Samuel Lussac, Manager of Wood Mackenzie’s Caspian Upstream research service says: “The low oil price and Russia’s economic turmoil will make 2015 a year of great uncertainty for the Caspian region. State budgets will have to adjust to lower revenues, operators will optimise expenditure, and exploration activity is likely to remain at a low level. However, despite this tough outlook, production from the region’s megaprojects will increase, M&A activity will stay high and the Southern Gas Corridor will enter the construction phase.”
Wood Mackenzie’s latest upstream analysis highlights some of the key upstream developments to look out for in the Caspian region in the coming year.
- Economies at risk – The largest Caspian economies rely heavily on the oil and gas sector. Petroleum exports account for around 60% of Kazakhstan’s total exports and more than 90% for Azerbaijan. The low oil price will therefore have a negative impact on state budgets. Wood Mackenzie forecasts that Brent will average around US$60/bbl in 2015, resulting in hard times for the Caspian region.
- Countdown to the Southern Corridor – Construction of both the Trans-Anatolian Pipeline (TANAP) and Trans Adriatic Pipeline (TAP) is expected to start in 2015, in Turkey and Albania respectively. Final investment decision on TANAP is scheduled around March 2015, but will first require completion of BOTAS and BP’s farm-in to the project. This will mark the final step of a 15 year long process to transport Caspian gas to Europe.

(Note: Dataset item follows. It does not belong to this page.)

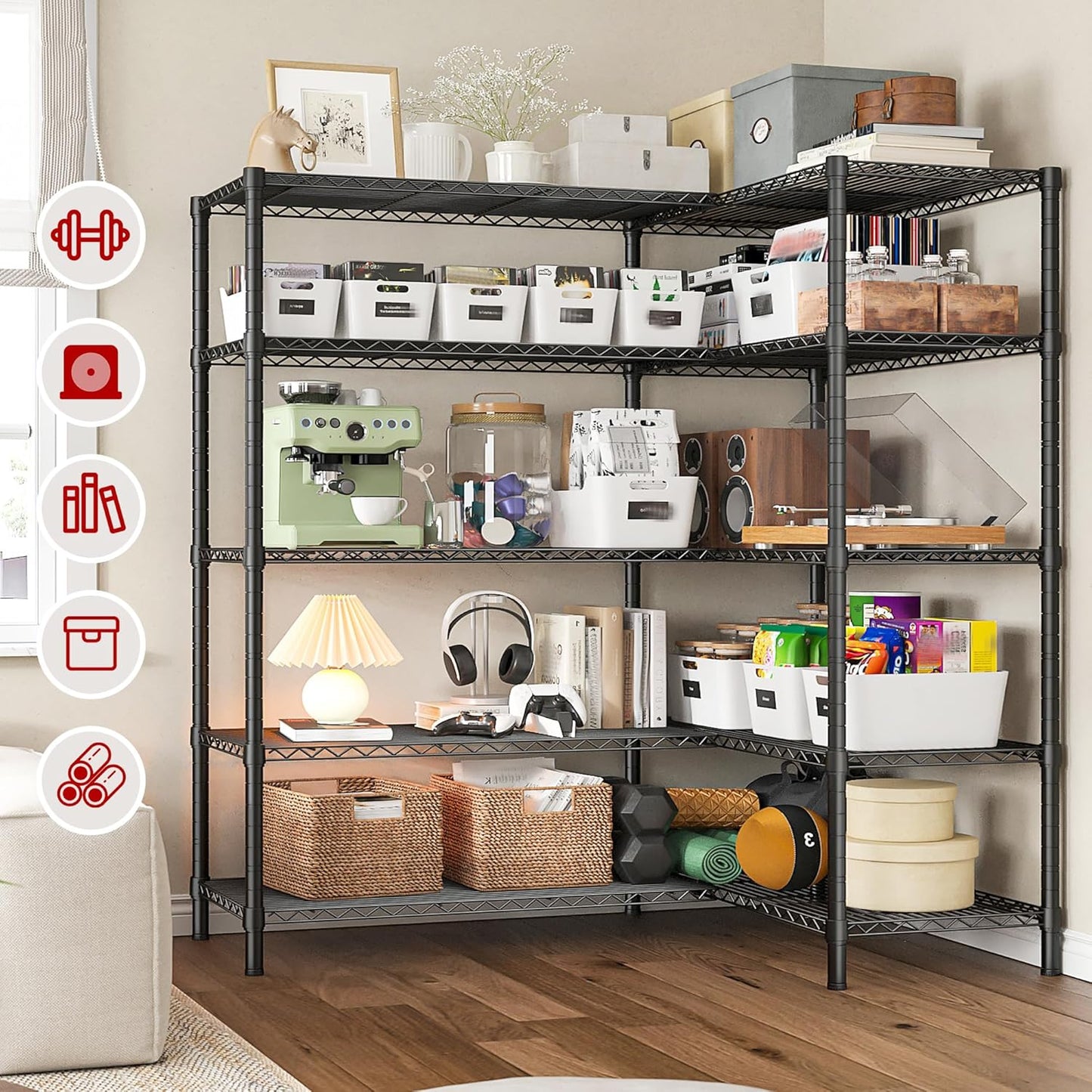REIBII 5 Tier Wire Shelving Storage Shelves Loads 1430LBS, 58" W Metal Shelving Unit for Storage Adjustable Heavy Duty Garage Shelving Pantry Shelves Kitchen Shelving, Black, 2 Pack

- Buyer’s market will emerge in Central Asia – The oil price collapse has already affected pending deals in Kazakhstan. This price environment may also encourage Asian investors to consolidate their upstream position in Central Asia. In 2014, a number of private Chinese companies farmed in to Kazakhstan and Kyrgyzstan and this is a trend Wood Mackenzie expects to continue in 2015.
- Exploration expenditure hit hardest – Operators will monitor exploration expenditure very closely in 2015. Operators are expected to favour low cost activity over higher cost programmes. However, there are a number of areas where we expect to see progress, Wood Mackenzie says. BP and SOCAR will shoot 2D seismic on the Shallow Water Absheron contract area, for which a production sharing contract (PSC) was signed in December 2014. By year end, attention will turn to Tajikistan, where partners CNPC, Tethys Petroleum and Total are expected to spud a 6,500 metre pre-salt well on the giant Bokhtar Area. Results are not expected until 2016, but a significant gas discovery would be a game changer for energy-short Tajikistan.
- Positive outlook for the Megaprojects – In 2015 production at Azeri Chirag Guneshli (ACG) and Tengizchevroil will increase slightly, following successful maintenance programmes in 2014. The ramp up at ACG’s West Chirag platform will alleviate oil production decline in Azerbaijan. Pipeline replacement should begin at Kashagan in the second half of 2015, allowing production to restart in 2017. Turkmenistan will drive regional gas production growth via the continued ramp up at Galkynysh. Phase One gas production capacity at Shah Deniz will reach 1,040 million cubic feet per day (mmcfd) following successful debottlenecking of the Sangachal onshore plant in 2014.